There’s a version of this I see constantly.
There’s a kid in every class who should be getting more good looks than he is. Good film. Solid stats.
A coach gets interested, pulls up the athlete’s Instagram… and finds 47 posts. All of them are highlights.
Every. Single. One.
No loss reactions. No carousels about life as an athlete off the court. No selfies with teammates.
In other words: no personality.
So, most likely, the coach keeps scrolling, looking for something to connect to.
I just had a conversation with a Top 30 Division I women’s basketball coach about this very thing.
He told me: “If I only see highlights on their social media, I have nothing to talk to them about. It makes it easy to pass over them in favor of another athlete who shares about other interests, or shows personality.”
That athlete may never have known they were even being considered. And certainly not why that consideration stopped.
Coaches aren’t just scouting your game.
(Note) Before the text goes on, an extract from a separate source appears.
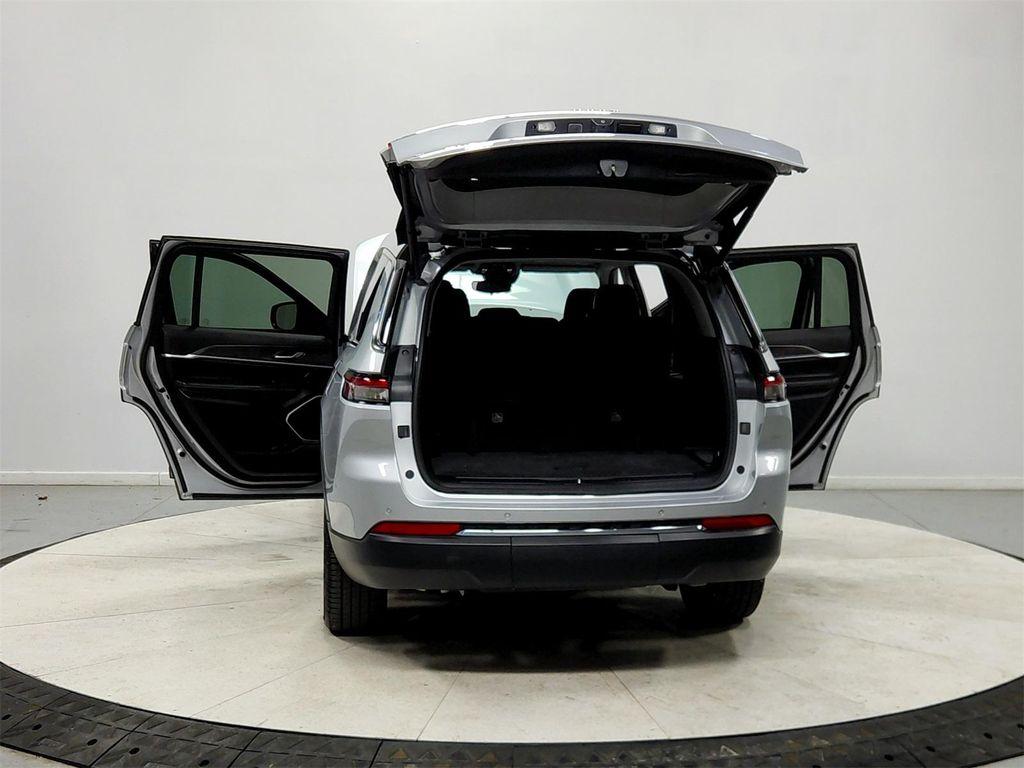 used 2021 Jeep Grand Cherokee L car, priced at $28,293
Remember, they’re trying to build a locker room full of human beings, not just athletic performers.
They’re trying to answer harder questions: Would I want to spend four years with this person? How will they handle adversity? Do they fit our culture?
Highlights don’t answer that. You have to.
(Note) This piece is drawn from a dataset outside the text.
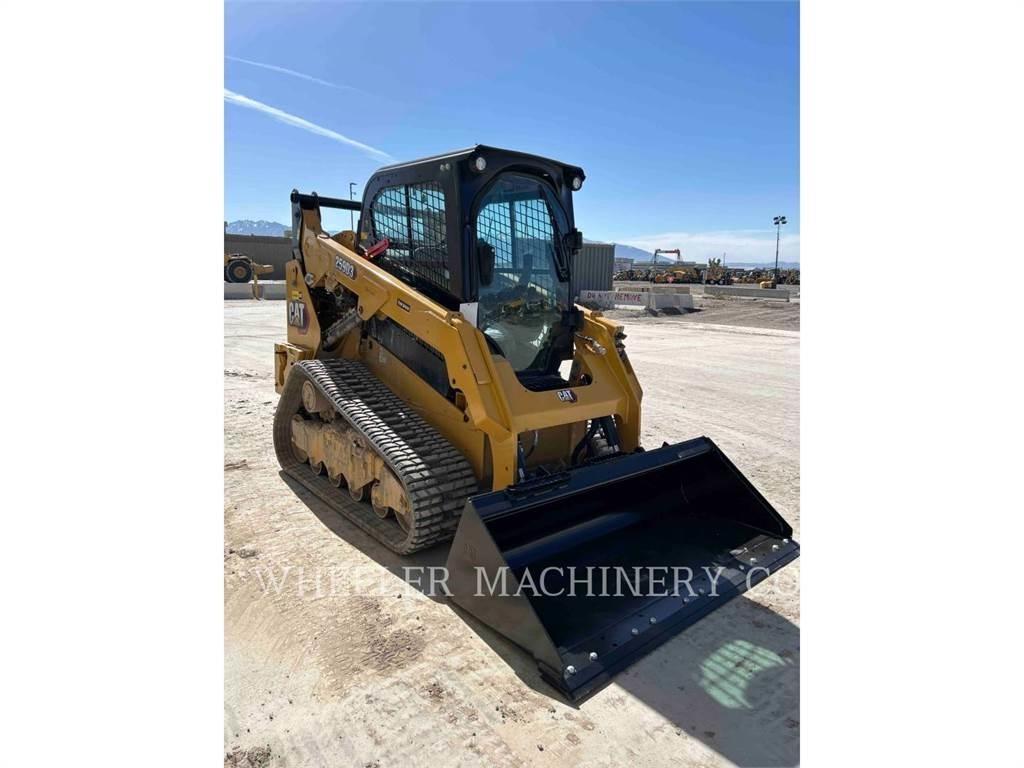 CAT 259D3 C3H2 Верижен товарач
I’ve worked with athletes at the high school, college, and pro levels, and spent 17 years as an executive inside NBA and NHL organizations. The athletes who stand out aren’t always the most talented. They’re the ones who feel like a known quantity before anyone picks up the phone.
That can happen through content, but not through the kind most athletes are currently posting.
What do you care about outside your sport? What does a tough loss do to you, and what do you do with it? Who’s in your corner? What’s your story?
One post every week or two that honestly answers any of those questions does more for your recruiting than your next highlight reel. Believe me.
Coaches follow athletes for months before they ever reach out. Give them someone worth following.